Üsteğmen |
|
Valence Topçu Alayı, Fransa (1785 -) |
Napolyon, Nisan 1785'de Valence'deki Topçu Alayı'na üsteğmen olarak atanmıştır. Eylül ayında izine çıkarak Korsika'ya gitmiş, burada kendini askeri ve politik açıdan göstermiştir. Fransa'ya karşı bağımsızlık mücadelesine başlayan Korsikalı milliyetçilere karşı Jakoben örgütlenmesinde yer almıştır. İzninin bitmesine rağmen Korsika'dan geri dönmeyen Napolyon, bir süre asker kaçağı durumuna düşmüştür.
|
Yüzbaşı |
|
Korsika, Fransa (1792 -) |
1792 yılında başlayan Avusturya Savaşı'nın ardından affedilerek yüzbaşı rütbesiyle göreve geri çağrılmıştır.
|
Topçu Komutanı |
|
Toulon, Fransa (1793 -) |
Napolyon, 1793 yılında topçu komutanı olarak Toulon'da kralcılara ve İngiliz ittifak güçlerine karşı başarılı bir mücadele vermiştir.
|
Tuğgeneral |
|
Fransa (1793 -) |
Napolyon, topçu komutanı olarak verdiği başarılı mücadelenin ardından tuğgeneral rütbesine terfi ettirilmiştir.
|
Topçu Birlikleri Komutanı |
|
İtalya (1794 -) |
Napolyon, 1794 yılında İtalya'daki topçu birlikleri komutanlığı görevine getirilmiştir.
|
İç Güvenlik Kuvvetleri Komutanı |
|
Fransa (1795 - 1796) |
Napolyon, artık ülkenin en saygın otoritelerinden biri olan iç güvenlik kuvvetleri komutanı olmuştur.
|
Başkomutan |
|
Fransa (1796 - 1799) |
1796'da Napolyon, İtalya'daki ordunun başkomutanı olmuştur. Aynı yıl General Beauharnais'in dul karısı Josephine ile evlenmiştir. Düğünden iki gün sonra Kuzey İtalya'ya saldırmış olan Avusturya ordularını yenilgiye uğratmıştır.
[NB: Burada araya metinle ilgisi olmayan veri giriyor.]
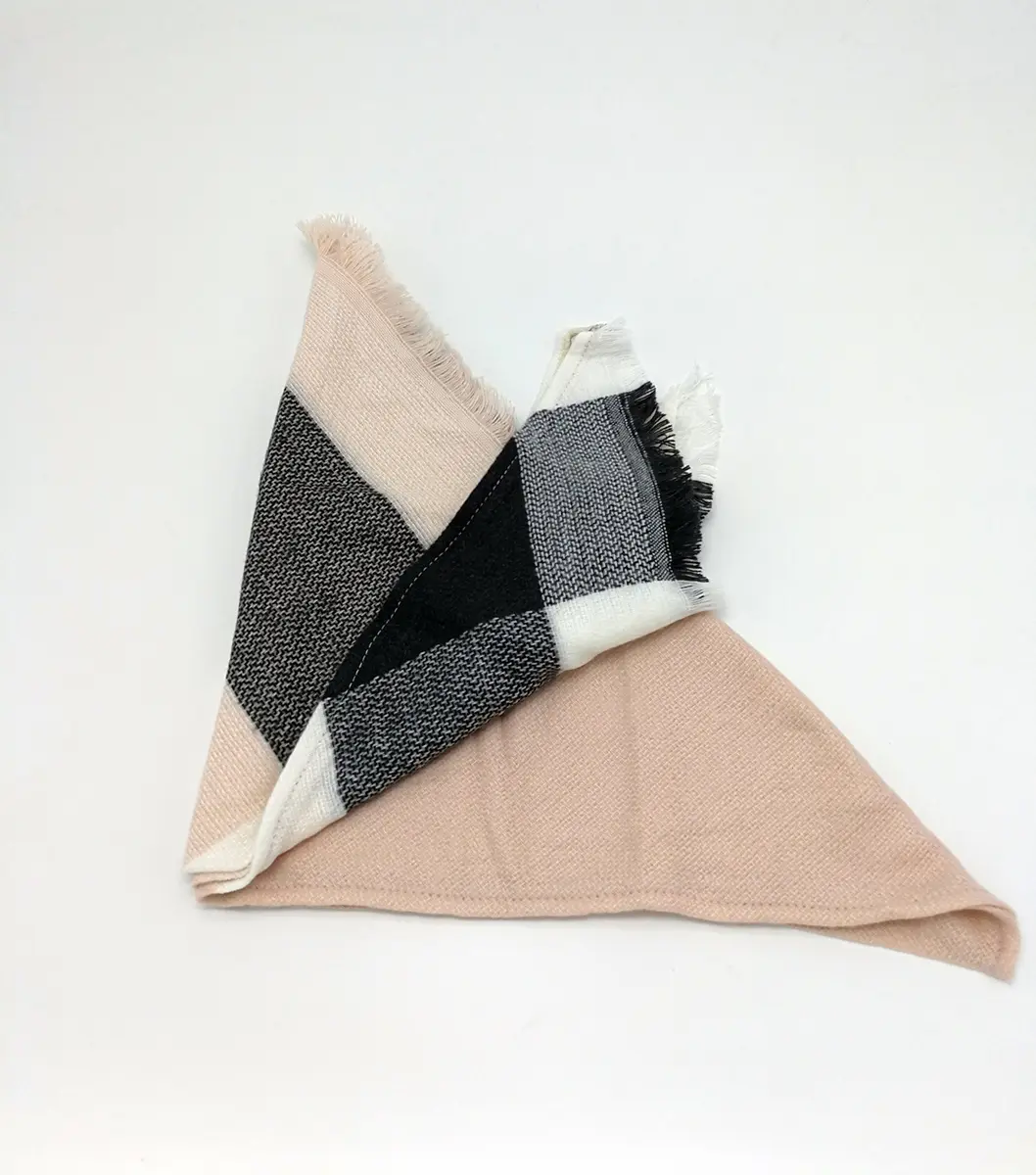 Wander Agio Womens Warm Scarf Triangle Winter Shawls Large Scarves Stripe Plaid Fichu Big Plaid Grey Pink 11 | Thick & Warm - view 4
Ocak 1797'de ise İtalya'daki Avusturya askeri varlığını püskürtmüş ve ordusuyla birlikte Viyana'ya kadar ilerlemiştir. Tehdidi algılayan Avusturya ateşkes istemiş ve uzunca yapılan görüşmelerin ardından 17 Ekim 1797'da anlaşma imzalanmıştır. 1798 yılında Fransa, Napolyon'u İngiltere'nin istilasıyla görevlendirmiştir. Bunun ancak dolaylı bir stratejiyle olabileceğine inanan Napolyon, denizlerde başarılı bir üstünlük sağlamak ve İngiltere'nin Uzakdoğu ticaretini kesmek için Mısır Seferine çıkmayı planlamıştır. Mısır seferini başlatan Napolyon Malta'yı ele geçirmiştir. Temmuz ayında da İskenderiye'yi ele geçirerek Nil vadisi boyunca ilerlemiş, Piramitler Savaşı'nda Memlükleri yenmiştir. Ancak İngiliz donanması Abukir körfezindeki Fransız donanmasına saldırmış ve Fransız gemilerini batırmıştır. Bu Napolyon'a gelen takviye ve desteğin kesilmesi anlamına geliyordur. İngilizlerin bu başarısı üzerine, Osmanlı, Avusturya, İngiltere ve Rusya birleşerek Rus Generali Alexander Suvorov'un komutasında bir birleşik ordu oluşturmuştur. Bu birleşik ordu Napolyon'un almış olduğu yerleri geri kazanmıştır . Ufak bir ordusunun kalmasına rağmen hırsı dinmeyen Napolyon, Gazze, Jaffa, Haifa gibi sahil kasabalarını ele geçirmiştir. 1799'da Suriye'ye ilerleyen Napolyon'un ordusu sağlam bir Osmanlı direnişiyle karşılaşmış ve Mısır'a geri dönmek zorunda kalmıştır. Napolyon ordusunu Mısır'da bırakmış ve 23 Ağustos 1799'da gemiyle Fransa'ya geri dönmüştür.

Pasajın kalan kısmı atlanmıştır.